(Record excerpts)

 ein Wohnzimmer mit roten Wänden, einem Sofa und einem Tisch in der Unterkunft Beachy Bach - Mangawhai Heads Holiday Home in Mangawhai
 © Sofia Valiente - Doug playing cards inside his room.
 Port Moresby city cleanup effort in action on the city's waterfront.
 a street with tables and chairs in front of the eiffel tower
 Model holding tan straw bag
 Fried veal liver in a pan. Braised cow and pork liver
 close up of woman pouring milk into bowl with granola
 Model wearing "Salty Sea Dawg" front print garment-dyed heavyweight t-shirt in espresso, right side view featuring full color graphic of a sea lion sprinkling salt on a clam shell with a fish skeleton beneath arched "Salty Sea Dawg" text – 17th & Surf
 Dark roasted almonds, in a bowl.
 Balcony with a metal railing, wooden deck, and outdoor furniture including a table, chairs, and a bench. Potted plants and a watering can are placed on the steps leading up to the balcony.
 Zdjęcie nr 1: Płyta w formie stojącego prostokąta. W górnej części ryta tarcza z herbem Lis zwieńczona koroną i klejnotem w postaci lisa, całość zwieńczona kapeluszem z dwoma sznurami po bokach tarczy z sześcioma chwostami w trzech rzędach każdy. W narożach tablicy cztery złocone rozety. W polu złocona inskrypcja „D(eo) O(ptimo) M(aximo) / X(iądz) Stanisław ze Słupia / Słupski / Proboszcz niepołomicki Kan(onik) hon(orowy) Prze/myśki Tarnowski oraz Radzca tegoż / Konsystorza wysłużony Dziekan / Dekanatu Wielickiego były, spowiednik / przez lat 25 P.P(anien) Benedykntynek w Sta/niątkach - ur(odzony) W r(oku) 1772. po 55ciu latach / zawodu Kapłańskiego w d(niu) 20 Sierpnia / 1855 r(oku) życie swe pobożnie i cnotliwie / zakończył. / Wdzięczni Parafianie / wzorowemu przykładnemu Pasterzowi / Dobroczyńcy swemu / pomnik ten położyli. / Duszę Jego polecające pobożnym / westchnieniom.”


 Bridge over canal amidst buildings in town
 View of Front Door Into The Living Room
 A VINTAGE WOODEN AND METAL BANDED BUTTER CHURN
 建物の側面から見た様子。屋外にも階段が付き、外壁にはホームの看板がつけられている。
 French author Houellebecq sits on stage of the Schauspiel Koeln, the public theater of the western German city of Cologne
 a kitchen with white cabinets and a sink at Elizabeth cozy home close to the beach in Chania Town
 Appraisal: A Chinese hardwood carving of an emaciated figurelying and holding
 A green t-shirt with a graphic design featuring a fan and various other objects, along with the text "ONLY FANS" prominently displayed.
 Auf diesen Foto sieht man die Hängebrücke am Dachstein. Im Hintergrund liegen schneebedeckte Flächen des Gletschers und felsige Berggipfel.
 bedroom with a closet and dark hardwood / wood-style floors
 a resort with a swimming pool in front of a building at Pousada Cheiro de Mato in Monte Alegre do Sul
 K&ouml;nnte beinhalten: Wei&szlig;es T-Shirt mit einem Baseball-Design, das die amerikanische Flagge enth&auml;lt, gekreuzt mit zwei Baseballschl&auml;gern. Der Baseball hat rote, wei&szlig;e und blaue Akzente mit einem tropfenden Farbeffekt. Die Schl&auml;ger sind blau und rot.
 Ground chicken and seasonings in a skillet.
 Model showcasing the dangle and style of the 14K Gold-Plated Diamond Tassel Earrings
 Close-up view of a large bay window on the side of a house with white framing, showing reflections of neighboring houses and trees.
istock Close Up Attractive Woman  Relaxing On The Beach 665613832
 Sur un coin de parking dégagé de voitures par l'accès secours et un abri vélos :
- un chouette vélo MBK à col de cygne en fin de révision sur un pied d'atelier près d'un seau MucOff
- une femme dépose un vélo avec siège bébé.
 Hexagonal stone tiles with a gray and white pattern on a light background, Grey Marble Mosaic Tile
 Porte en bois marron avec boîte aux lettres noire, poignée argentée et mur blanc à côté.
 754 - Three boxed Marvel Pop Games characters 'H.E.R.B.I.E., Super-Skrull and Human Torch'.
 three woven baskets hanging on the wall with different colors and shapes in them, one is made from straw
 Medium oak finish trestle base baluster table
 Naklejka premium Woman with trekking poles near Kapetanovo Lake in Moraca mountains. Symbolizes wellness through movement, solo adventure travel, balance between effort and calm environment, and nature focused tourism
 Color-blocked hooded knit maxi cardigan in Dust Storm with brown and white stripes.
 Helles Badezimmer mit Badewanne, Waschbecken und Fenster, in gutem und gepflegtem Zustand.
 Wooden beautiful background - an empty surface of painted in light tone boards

(End Record excerpts)

▶ What to work on: Your task is to repeat the data exactly, with nothing left out.

▶ Expected answer:
 ein Wohnzimmer mit roten Wänden, einem Sofa und einem Tisch in der Unterkunft Beachy Bach - Mangawhai Heads Holiday Home in Mangawhai
 © Sofia Valiente - Doug playing cards inside his room.
 Port Moresby city cleanup effort in action on the city's waterfront.
 a street with tables and chairs in front of the eiffel tower
 Model holding tan straw bag
 Fried veal liver in a pan. Braised cow and pork liver
 close up of woman pouring milk into bowl with granola
 Model wearing "Salty Sea Dawg" front print garment-dyed heavyweight t-shirt in espresso, right side view featuring full color graphic of a sea lion sprinkling salt on a clam shell with a fish skeleton beneath arched "Salty Sea Dawg" text – 17th & Surf
 Dark roasted almonds, in a bowl.
 Balcony with a metal railing, wooden deck, and outdoor furniture including a table, chairs, and a bench. Potted plants and a watering can are placed on the steps leading up to the balcony.
 Zdjęcie nr 1: Płyta w formie stojącego prostokąta. W górnej części ryta tarcza z herbem Lis zwieńczona koroną i klejnotem w postaci lisa, całość zwieńczona kapeluszem z dwoma sznurami po bokach tarczy z sześcioma chwostami w trzech rzędach każdy. W narożach tablicy cztery złocone rozety. W polu złocona inskrypcja „D(eo) O(ptimo) M(aximo) / X(iądz) Stanisław ze Słupia / Słupski / Proboszcz niepołomicki Kan(onik) hon(orowy) Prze/myśki Tarnowski oraz Radzca tegoż / Konsystorza wysłużony Dziekan / Dekanatu Wielickiego były, spowiednik / przez lat 25 P.P(anien) Benedykntynek w Sta/niątkach - ur(odzony) W r(oku) 1772. po 55ciu latach / zawodu Kapłańskiego w d(niu) 20 Sierpnia / 1855 r(oku) życie swe pobożnie i cnotliwie / zakończył. / Wdzięczni Parafianie / wzorowemu przykładnemu Pasterzowi / Dobroczyńcy swemu / pomnik ten położyli. / Duszę Jego polecające pobożnym / westchnieniom.”


 Bridge over canal amidst buildings in town
 View of Front Door Into The Living Room
 A VINTAGE WOODEN AND METAL BANDED BUTTER CHURN
 建物の側面から見た様子。屋外にも階段が付き、外壁にはホームの看板がつけられている。
 French author Houellebecq sits on stage of the Schauspiel Koeln, the public theater of the western German city of Cologne
 a kitchen with white cabinets and a sink at Elizabeth cozy home close to the beach in Chania Town
 Appraisal: A Chinese hardwood carving of an emaciated figurelying and holding
 A green t-shirt with a graphic design featuring a fan and various other objects, along with the text "ONLY FANS" prominently displayed.
 Auf diesen Foto sieht man die Hängebrücke am Dachstein. Im Hintergrund liegen schneebedeckte Flächen des Gletschers und felsige Berggipfel.
 bedroom with a closet and dark hardwood / wood-style floors
 a resort with a swimming pool in front of a building at Pousada Cheiro de Mato in Monte Alegre do Sul
 K&ouml;nnte beinhalten: Wei&szlig;es T-Shirt mit einem Baseball-Design, das die amerikanische Flagge enth&auml;lt, gekreuzt mit zwei Baseballschl&auml;gern. Der Baseball hat rote, wei&szlig;e und blaue Akzente mit einem tropfenden Farbeffekt. Die Schl&auml;ger sind blau und rot.
 Ground chicken and seasonings in a skillet.
 Model showcasing the dangle and style of the 14K Gold-Plated Diamond Tassel Earrings
 Close-up view of a large bay window on the side of a house with white framing, showing reflections of neighboring houses and trees.
istock Close Up Attractive Woman  Relaxing On The Beach 665613832
 Sur un coin de parking dégagé de voitures par l'accès secours et un abri vélos :
- un chouette vélo MBK à col de cygne en fin de révision sur un pied d'atelier près d'un seau MucOff
- une femme dépose un vélo avec siège bébé.
 Hexagonal stone tiles with a gray and white pattern on a light background, Grey Marble Mosaic Tile
 Porte en bois marron avec boîte aux lettres noire, poignée argentée et mur blanc à côté.
 754 - Three boxed Marvel Pop Games characters 'H.E.R.B.I.E., Super-Skrull and Human Torch'.
 three woven baskets hanging on the wall with different colors and shapes in them, one is made from straw
 Medium oak finish trestle base baluster table
 Naklejka premium Woman with trekking poles near Kapetanovo Lake in Moraca mountains. Symbolizes wellness through movement, solo adventure travel, balance between effort and calm environment, and nature focused tourism
 Color-blocked hooded knit maxi cardigan in Dust Storm with brown and white stripes.
 Helles Badezimmer mit Badewanne, Waschbecken und Fenster, in gutem und gepflegtem Zustand.
 Wooden beautiful background - an empty surface of painted in light tone boards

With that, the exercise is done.